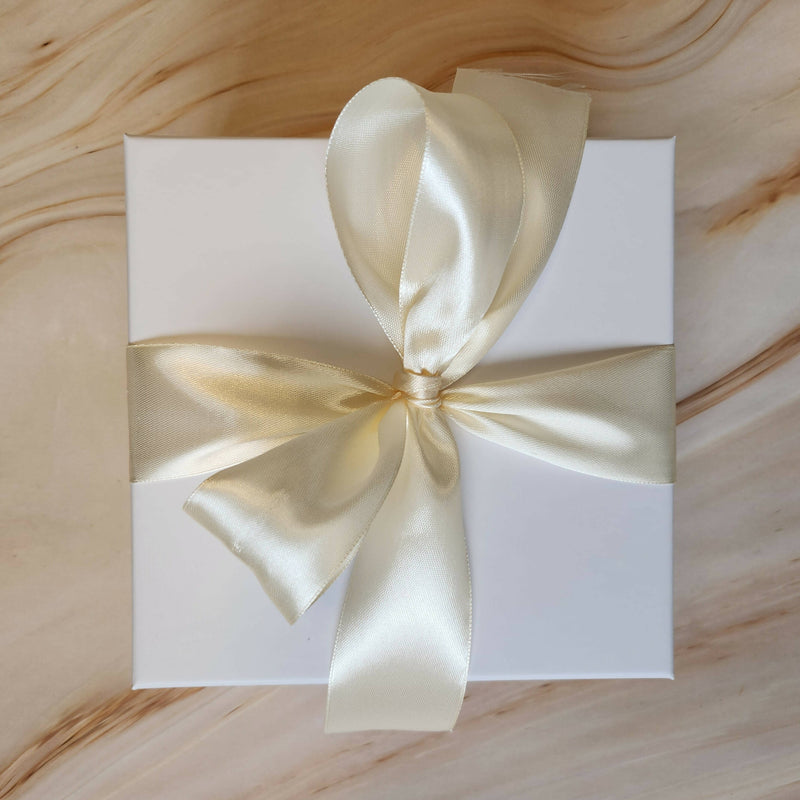 Luxury New Mum Gift Box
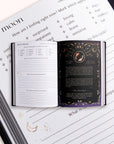 Agenda A year of Growth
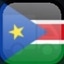 Complete all the towns in South Sudan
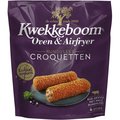 Kwekkeboom Croquetten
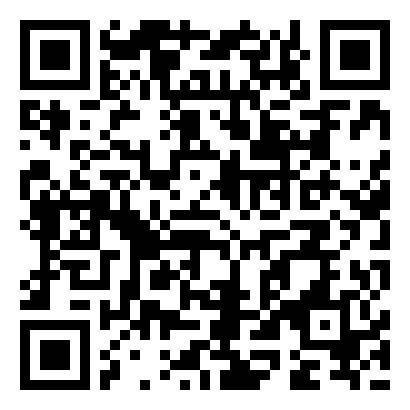 移动端二维码 - 灌阳县文市镇万达石材厂 www.shicai3.cn - 玉林分类信息 - 玉林28生活网 yulin.28life.com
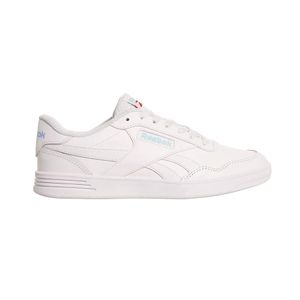 REEBOK ZAPATILLAS - COURT ADVANCE CRCLT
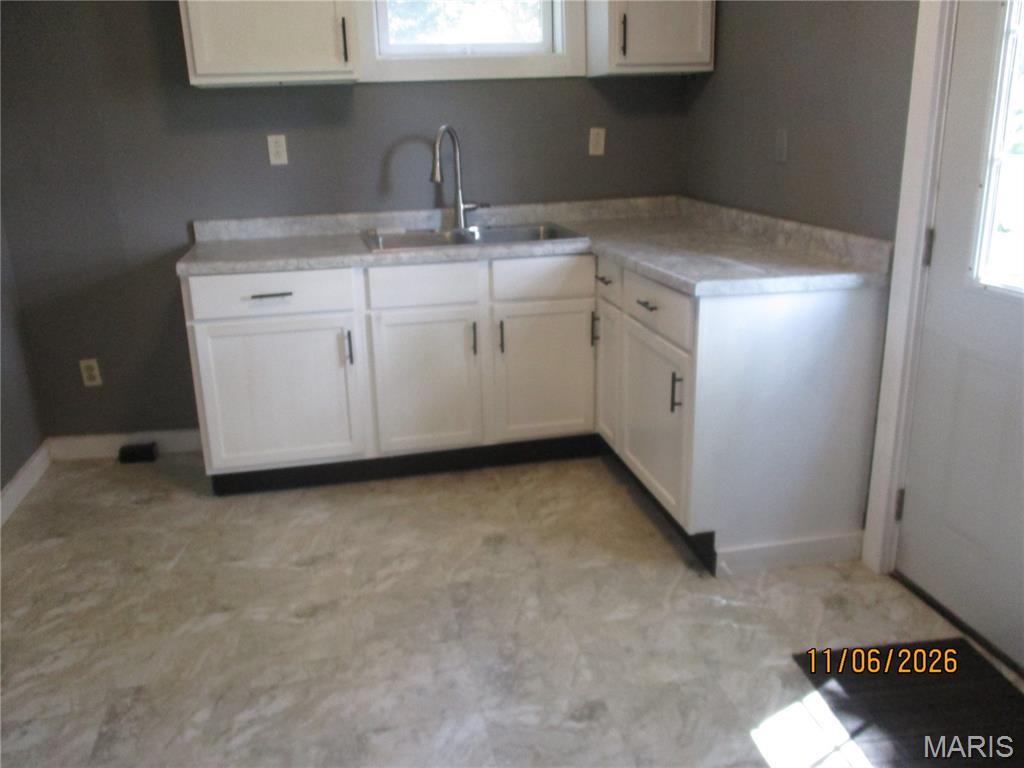 Rutz Subdivision - Residential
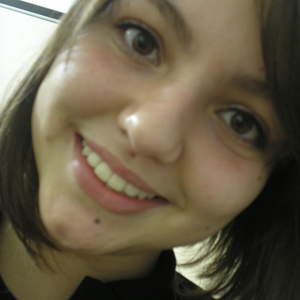 Foto de perfil de Eloisa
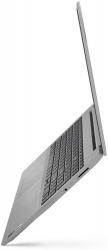 Ноутбук Lenovo IdeaPad 3 15ADA05 81W101CMRE - фото7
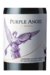 Vinho Montes Purple Angel 750ml na internet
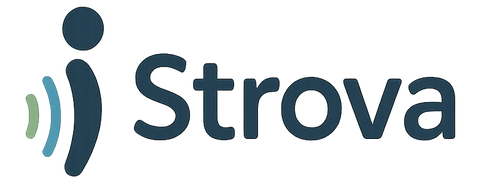 Strova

WHAT TO DO. Transcribe every entry above exactly as it stands, but skip the images.

EXERCISE OUTPUT.
 Luxury New Mum Gift Box
 Agenda A year of Growth
 Complete all the towns in South Sudan
 Kwekkeboom Croquetten
 移动端二维码 - 灌阳县文市镇万达石材厂 www.shicai3.cn - 玉林分类信息 - 玉林28生活网 yulin.28life.com
 REEBOK ZAPATILLAS - COURT ADVANCE CRCLT
 Rutz Subdivision - Residential
 Foto de perfil de Eloisa
 Ноутбук Lenovo IdeaPad 3 15ADA05 81W101CMRE - фото7
 Vinho Montes Purple Angel 750ml na internet
 Strova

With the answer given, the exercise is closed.